*** Records shown ***

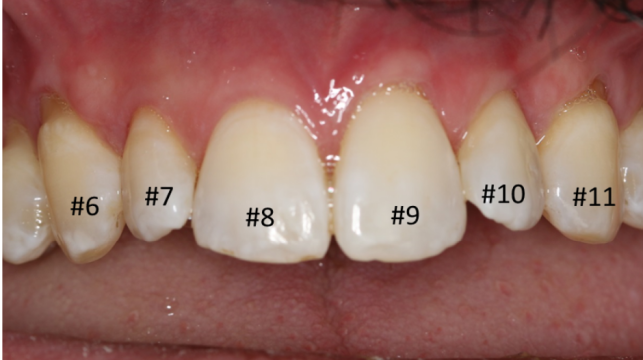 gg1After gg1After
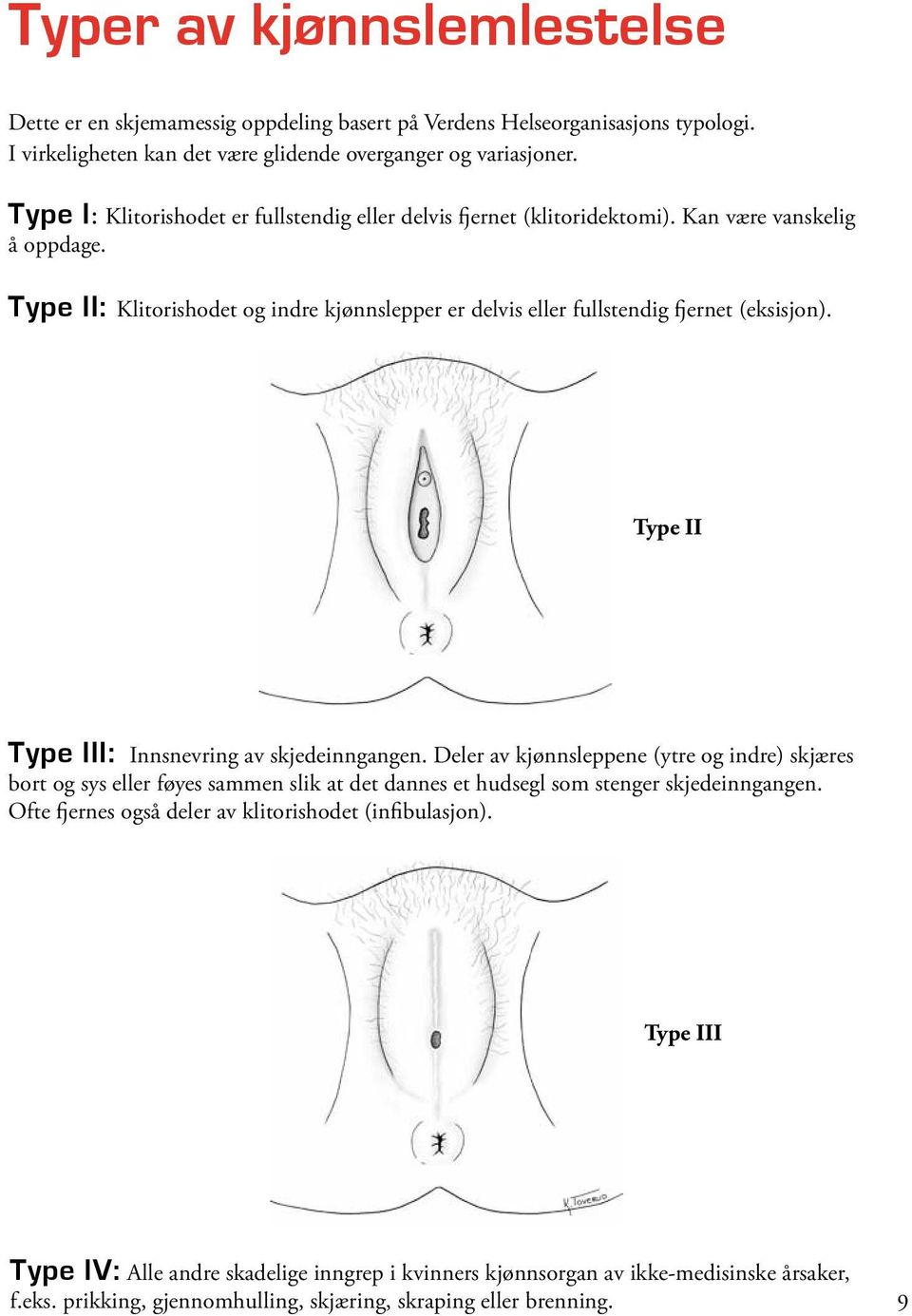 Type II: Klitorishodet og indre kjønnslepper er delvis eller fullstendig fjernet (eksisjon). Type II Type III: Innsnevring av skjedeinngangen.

*** End of Records shown ***
*** Records shown ***

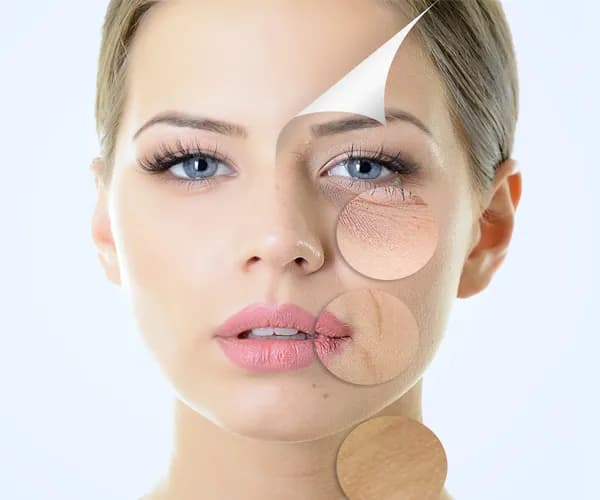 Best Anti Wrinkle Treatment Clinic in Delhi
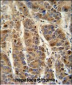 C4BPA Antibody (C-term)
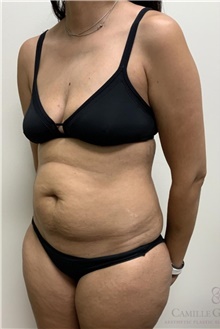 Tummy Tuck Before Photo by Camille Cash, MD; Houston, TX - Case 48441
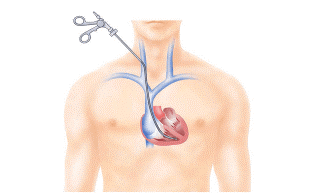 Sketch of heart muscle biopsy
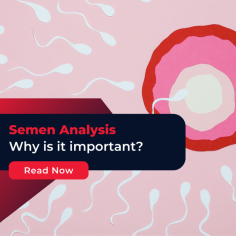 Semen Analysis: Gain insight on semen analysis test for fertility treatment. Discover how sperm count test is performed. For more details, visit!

*** End of Records shown ***
*** Records shown ***

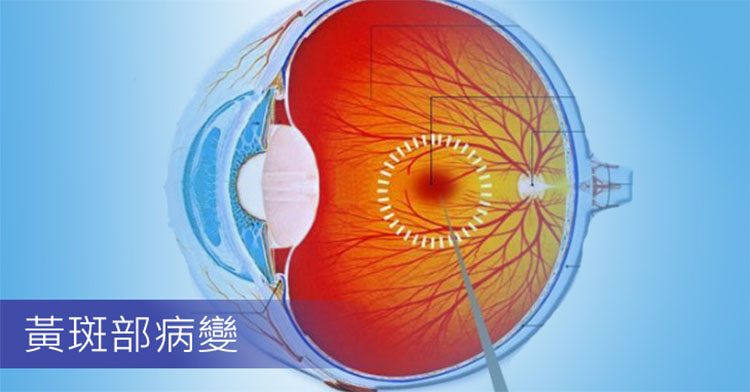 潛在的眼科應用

*** End of Records shown ***

• [How to complete this task] Output exactly, and only, the lines of the entries above from the one with "gg1After gg1After" up to and including the one with "Type II: Klitorishodet"; pictures are to be left out.

• [Your response]
 gg1After gg1After
 Type II: Klitorishodet og indre kjønnslepper er delvis eller fullstendig fjernet (eksisjon). Type II Type III: Innsnevring av skjedeinngangen.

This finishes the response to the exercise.